Coconut Garlic Chicken Alfredo with Roasted Sweet Potatoes & Spicy Basil Pesto Cream

Flavorful Craving

This bold fusion bowl combines tropical coconut richness with Italian comfort. Tender coconut-garlic marinated chicken meets caramelized sweet potatoes, bathed in silky coconut cream Alfredo and swirled with spicy basil-pine nut pesto. Topped with crunchy chili-lime cashews for the ultimate flavor explosion.

Servings: 2–3
Prep Time: 25 minutes (+ marinating time)
Cook Time: 30–35 minutes

Ingredients

Coconut-Garlic Marinated Chicken

  • 1 lb boneless, skinless chicken breasts, cut into bite-sized pieces
  • 2 tbsp coconut oil (or olive oil)
  • 4 cloves garlic, minced
  • 2 tbsp full-fat coconut milk (cream from the top of the can)
  • 1 tsp dried oregano
  • ½ tsp ground cumin
  • Salt & freshly cracked black pepper

Caramelized Sweet Potatoes

  • 2 medium sweet potatoes, peeled & cubed (1-inch)
  • 2 tbsp coconut oil (or olive oil)
  • ½ tsp smoked paprika
  • Salt & pepper

Spicy Basil-Pine Nut Pesto

  • 2 cups fresh basil leaves, packed
  • ¼ cup pine nuts
  • 2 cloves garlic
  • ½ tsp red pepper flakes (adjust to taste)
  • ¼ cup grated Parmesan cheese
  • ½ cup olive oil
  • Salt to taste

Coconut Cream Alfredo

  • 2 tbsp butter
  • 2 cloves garlic, minced
  • 1 can (13.5 oz / 400ml) full-fat coconut milk (stirred well)
  • ½ cup heavy cream
  • ¾ cup grated Parmesan cheese
  • Salt & pepper

Chili-Lime Cashews

  • ¼ cup raw cashews
  • ¼ tsp chili powder
  • Pinch red pepper flakes
  • Zest of ½ lime
  • Pinch salt
  • ½ tsp coconut oil (or olive oil)

Instructions

1️ Roast Sweet Potatoes & Make Cashews

  1. Preheat oven to 200°C (400°F).
  2. Toss sweet potato cubes with coconut oil, smoked paprika, salt & pepper.
  3. Spread on a baking sheet and roast 25–30 min, flipping halfway.
  4. For cashews: Heat coconut oil in a skillet over medium heat, add cashews, and toast 2–3 min until golden.
  5. Remove from heat, stir in chili powder, red pepper flakes, lime zest, and salt. Crush or chop.

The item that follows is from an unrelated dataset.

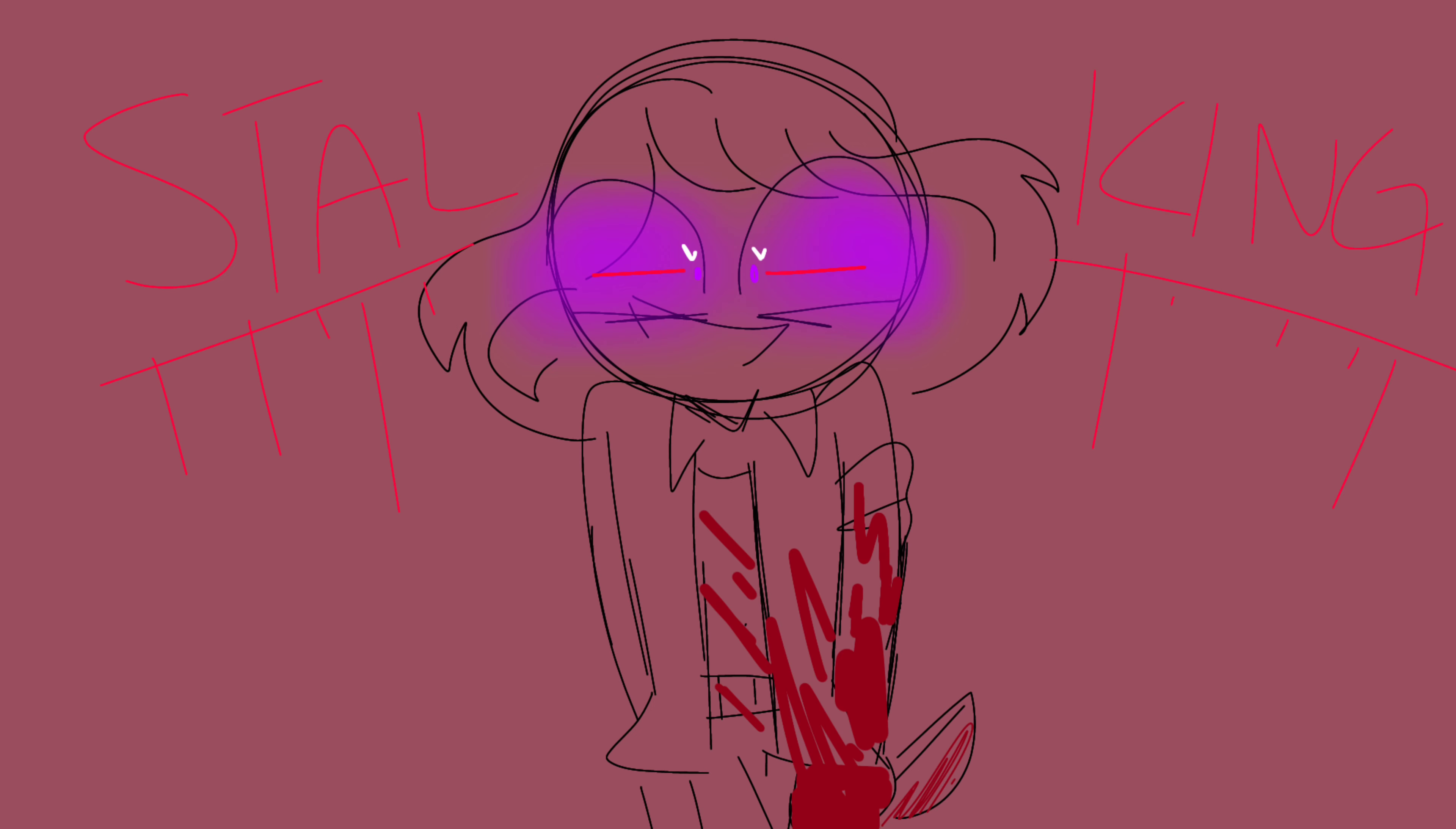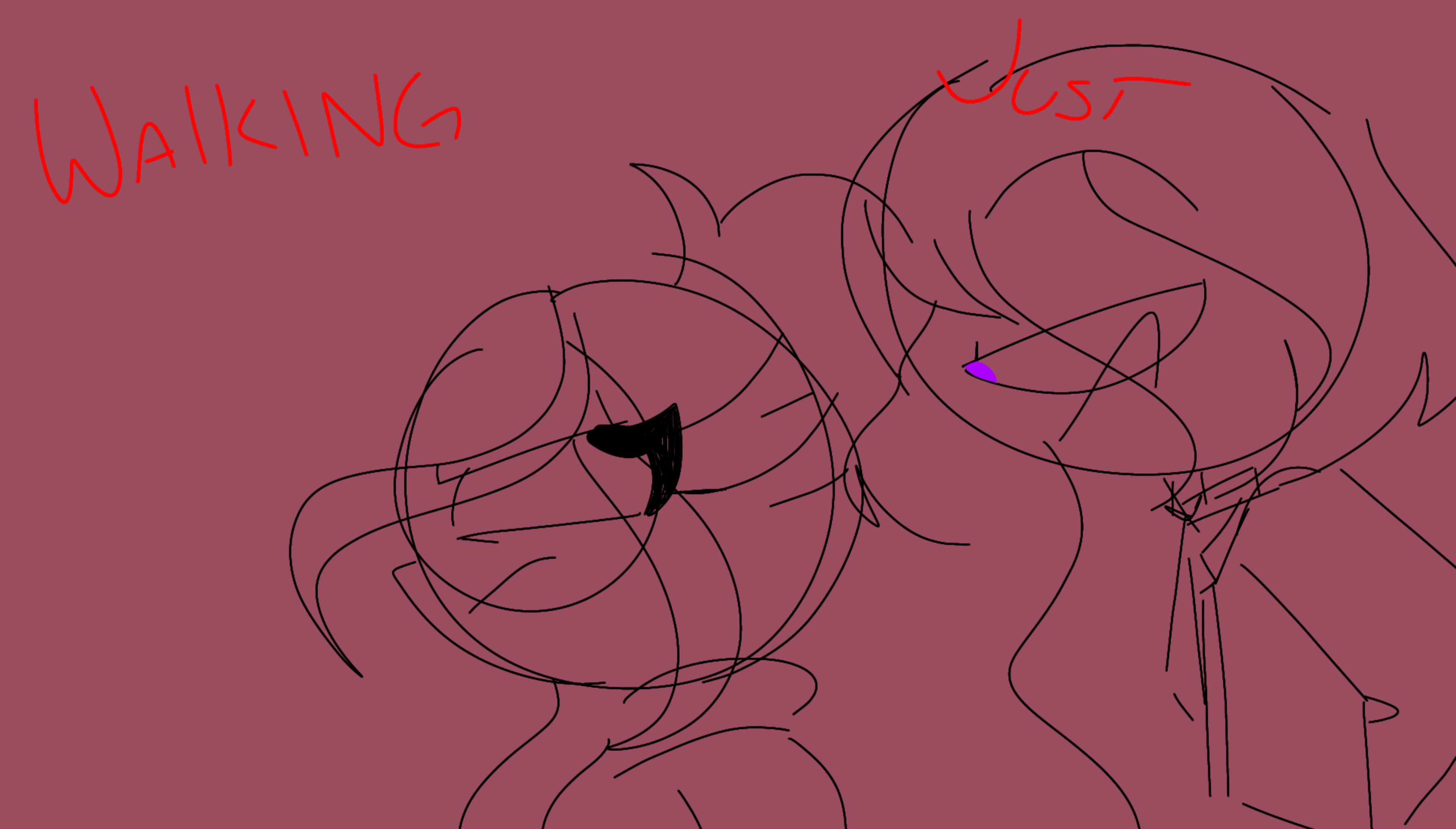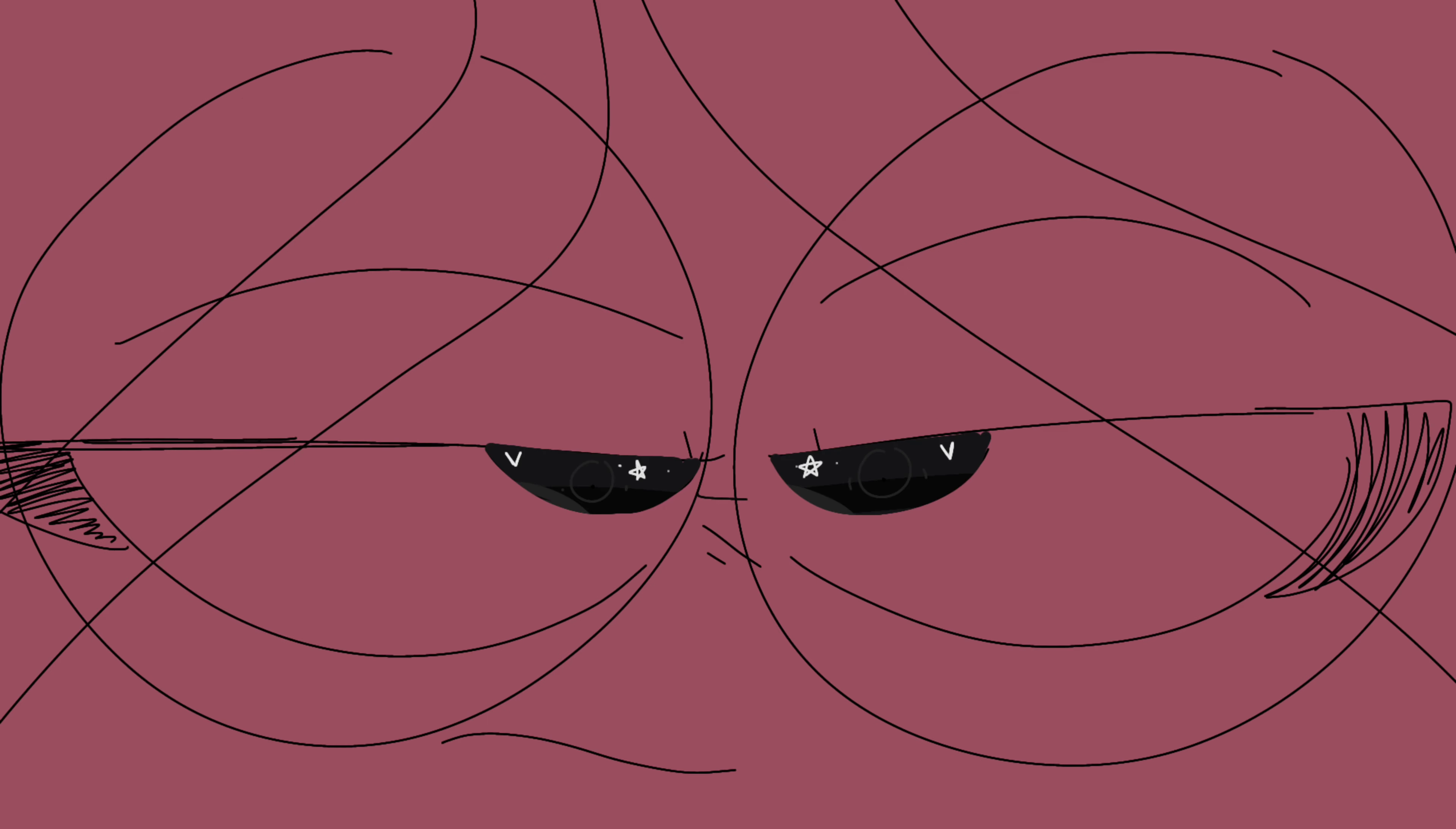Some call it stalkin', I say walkin', just extremely close behind. I'm sure if I sat down and asked you, well, you really wouldn't mind. You've got those eyes that drive me crazy.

2️ Marinate & Cook Chicken

  1. Toss chicken with coconut oil, garlic, coconut cream, oregano, cumin, salt & pepper.
  2. Marinate 15+ minutes.
  3. Sear in a hot skillet 5–7 min until browned & cooked through.

3️ Make Pesto

  1. In a food processor, combine basil, pine nuts, garlic, red pepper flakes, Parmesan.
  2. Pulse until finely chopped.
  3. Slowly stream in olive oil until smooth. Season with salt.

4️ Make Alfredo Sauce

  1. In a saucepan, melt butter over medium heat.
  2. Add garlic, sauté 30 sec.
  3. Stir in coconut milk & heavy cream, bring to simmer.
  4. Add Parmesan, stir until smooth. Season to taste.

5️ Assemble

  1. Stir chicken into Alfredo sauce.
  2. Swirl in dollops of pesto (don’t fully mix).
  3. Spoon sweet potatoes into bowls, top with chicken Alfredo.
  4. Sprinkle chili-lime cashews over the top. Serve hot.

Tips & Variations

  • Use full-fat coconut milk for the richest texture.
  • Adjust red pepper flakes for a milder or spicier pesto.
  • Swap sweet potatoes for roasted butternut squash.
  • Serve with pasta, rice, or quinoa for a heartier meal.